Instructions to follow
Please reproduce all the data exactly as written and omit the pictures.

Provided material
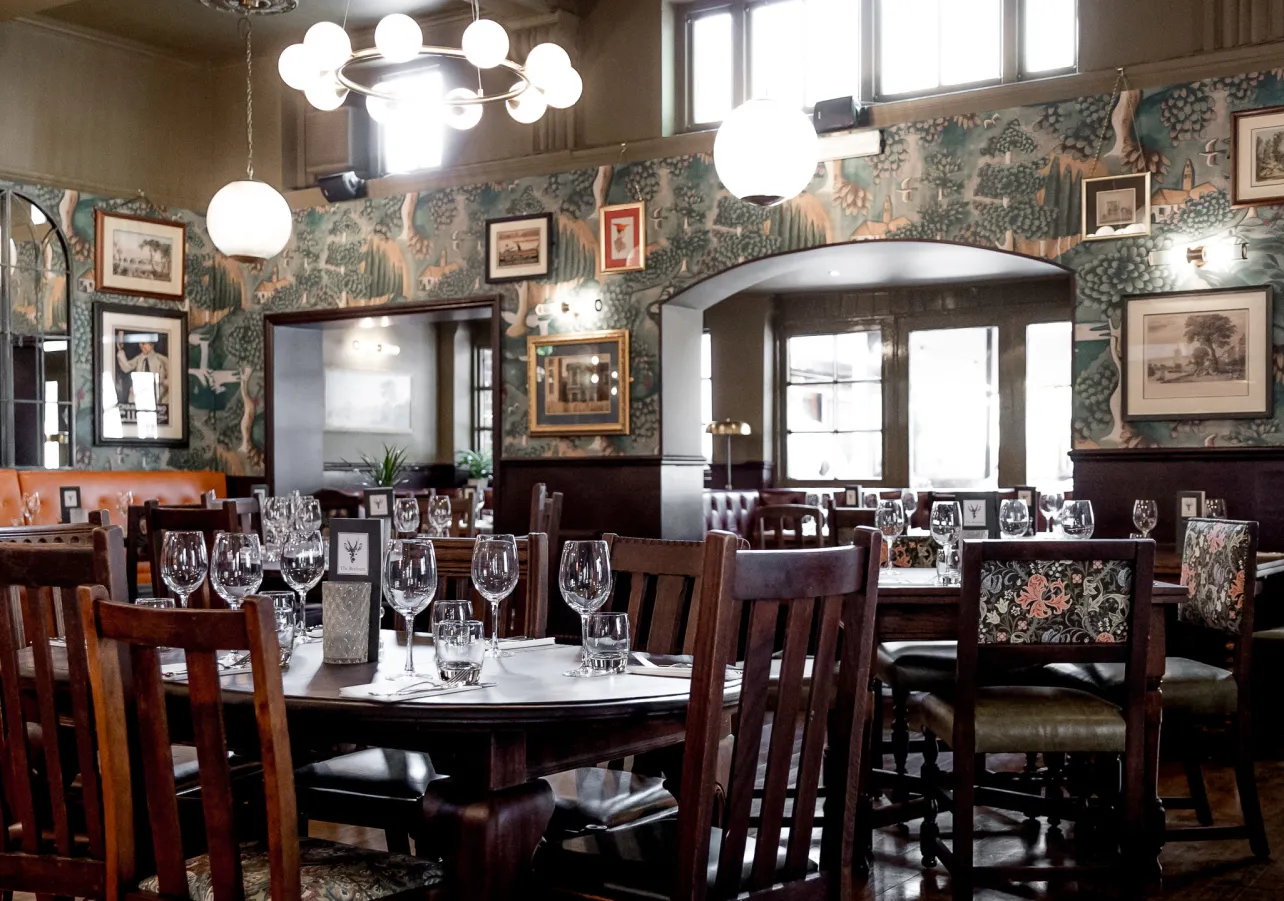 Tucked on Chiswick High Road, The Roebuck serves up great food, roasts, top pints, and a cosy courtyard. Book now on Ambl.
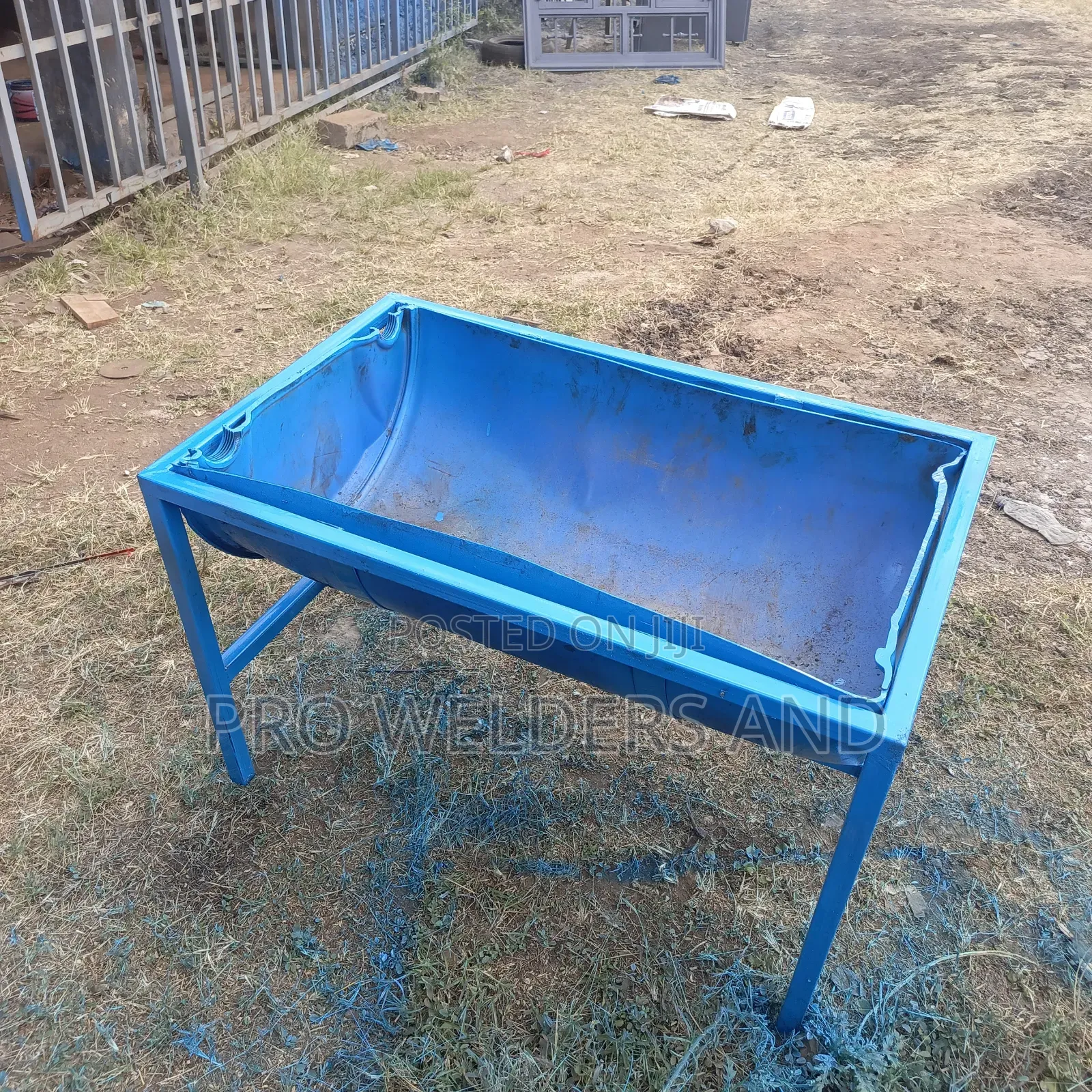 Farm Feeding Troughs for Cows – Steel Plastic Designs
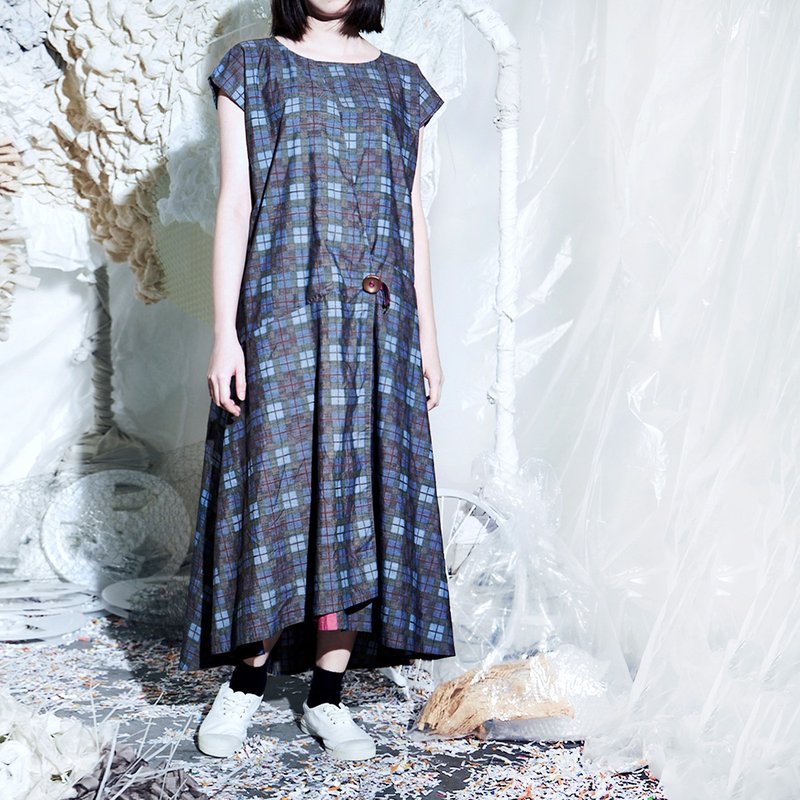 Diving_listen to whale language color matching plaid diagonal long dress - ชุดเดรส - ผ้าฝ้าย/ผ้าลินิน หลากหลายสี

Reply
 Tucked on Chiswick High Road, The Roebuck serves up great food, roasts, top pints, and a cosy courtyard. Book now on Ambl.
 Farm Feeding Troughs for Cows – Steel Plastic Designs
 Diving_listen to whale language color matching plaid diagonal long dress - ชุดเดรส - ผ้าฝ้าย/ผ้าลินิน หลากหลายสี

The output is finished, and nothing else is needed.